The firm's valuation is based on a discounted cash flow approach that projects cash flows through 2035, assumes a terminal growth rate of 0%, and applies a 12% discount rate. That rate represents a reduction from a prior 15% discount rate. Leerink's DCF incorporates several specific assumptions: the possibility of a royalty settlement tied to Tremfya, potential royalties from a TL1A program, and the explicit removal of seralutinib royalties after a Phase 3 failure. The model also lowers projections for certain other pipeline candidates and fully accounts for dilution arising from convertible preferred shares.


Those modeling changes had measurable impacts on forward estimates. Leerink cut its 2030 revenue forecast by 19%, from $211 million to $171 million, and reduced its earnings-per-share projection for the same year from $6.89 to $5.10. At the same time, the firm's cash flow outlook was improved by the inclusion of a potential litigation settlement related to Tremfya, which the DCF treats as a contributor to near-term cash inflows.

Leerink reiterated its Outperform rating on XOMA following these updates. The firm signaled that the adjusted valuation reflects both downside from clinical program setbacks and upside from possible royalty receipts and legal-resolution proceeds.


In other corporate developments, XOMA completed the acquisition of Generation Bio in a deal valued at approximately $29 million. The transaction involved a payment of $4.29 per Generation Bio share plus a contingent value right. The acquisition prompted TD Cowen to reinstate coverage of the combined company with a Hold rating. Jefferies, responding to the acquisition announcement, downgraded Generation Bio from Buy to Hold and lowered its price target to $5.00.

XOMA has also amended its collaboration agreement with Takeda. The amendment reduces XOMA's royalty interest in mezagitamab from mid-single digits to low-single digits and caps potential milestone payments at $13 million. Following that agreement modification, Leerink reiterated an Outperform rating on XOMA while maintaining a $45 price target tied specifically to the revised collaboration terms.
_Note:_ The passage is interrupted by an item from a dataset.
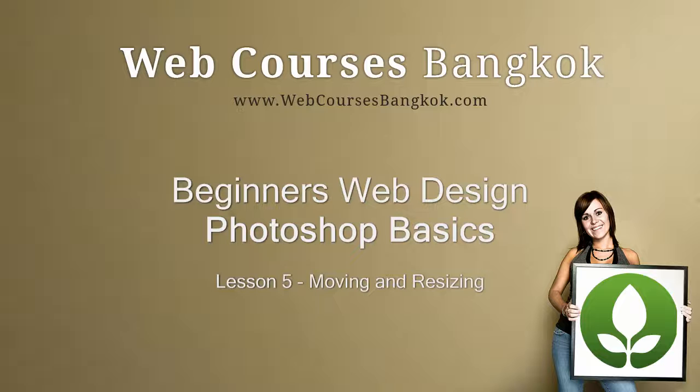Hi, this is Carl from WebCourses Bangkok and this is Lesson 5, Moving and Resizing.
At the executive level, XOMA announced a change in finance leadership. Thomas Burns, the company's chief financial officer for nearly two decades, has stepped down. Jeffrey Trigilio has assumed the CFO role; his background includes positions at Obsidian Therapeutics and Cullinan Therapeutics.

Taken together, the valuation update, acquisition completion, collaboration amendment, and senior management change mark a period of notable adjustment for XOMA. The company's near-term financial profile reflects a mix of reduced revenue and EPS projections driven by pipeline revisions and dilution, alongside potential offsets from royalty settlements and acquisition-related strategy changes.

Risks

  • Clinical setbacks and pipeline uncertainty - the firm removed seralutinib royalties from its model following a Phase 3 failure, which contributed to lower revenue and EPS forecasts; this affects biotech and pharmaceutical exposure.
  • Royalty and litigation outcome dependence - projected cash flow improvements rely in part on a potential Tremfya-related litigation settlement and royalty settlements, creating uncertainty in the company's near-term cash generation and valuation.
  • Dilution from financing instruments - the model fully reflects dilution from convertible preferred shares, which can reduce per-share metrics and influence investor returns in the healthcare and capital markets sectors.